Citizens Emergency Response Network is having an open house to introduce the group to the Cleveland area and surrounding communities. Web page is 
Northgacern.org for anyone in the area interested.


----------



## CrackbottomLouis (May 20, 2012)

Are you a part of this group? Sounds interesting. I won't be around on the 14th but I'll try and hit the next one.


----------



## Enchant18 (Feb 21, 2012)

Yes I am. Most of the members are CERT certified. We hold classes on everything from land navigation to food storage. This fall we are holding a first responder class. I've learned a lot since I've joined.


----------



## CrackbottomLouis (May 20, 2012)

Nice. Not in ga much anymore due to work but I'll see if I can hit up a meeting sometime when I swing through.


----------



## Enchant18 (Feb 21, 2012)

That would be great


----------



## Dixie (Sep 20, 2010)

I was told by someone there, that they have a plan when the SHTF. If you don't own land there or know someone, don't think you will get through 129. Music to my ears! 
I may not be able to go, but I'll see if my brother will. Love that town.


----------



## Enchant18 (Feb 21, 2012)

It's a good group of people and the opportunities for learning are great.


----------



## Enchant18 (Feb 21, 2012)

The open house is on the 16th from 10-3


----------



## Dixie (Sep 20, 2010)

At the Western Sizzlin'?


----------



## Enchant18 (Feb 21, 2012)

250 E. Jarrard street. It's a couple of blocks off the square. If you make it stop by the table with the food storage info and say hi!

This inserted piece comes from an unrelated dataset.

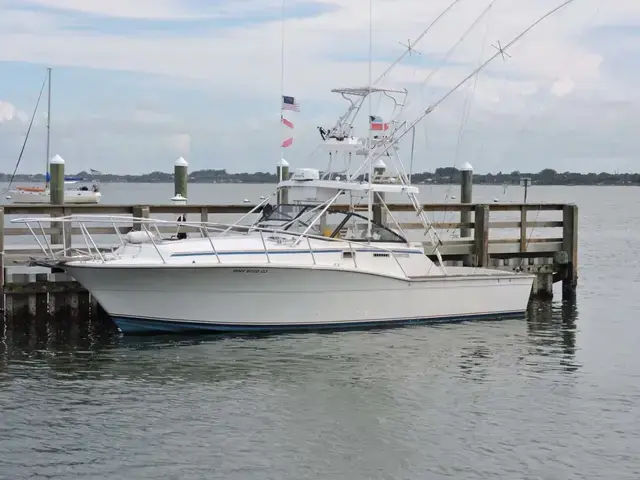 Atlantic 34 Express/Sportfish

Sent from my iPad using Survival Forum


----------



## TimB (Nov 11, 2008)

Haven't been on in a while and I missed this.  I'll try to check in more often and catch one.


----------



## Dixie (Sep 20, 2010)

I meant to message you Tim, but step father had a stroke and I never got back to the forum. 
Wish the meeting had been at the end of the month, I would have been up there.


----------



## Enchant18 (Feb 21, 2012)

We have a meeting every month and classes will pick up again now that kids are back in school.


----------



## shanef07 (Nov 22, 2014)

I'm from Lafayette GA anyone close?


----------



## shanef07 (Nov 22, 2014)

New pic checking


----------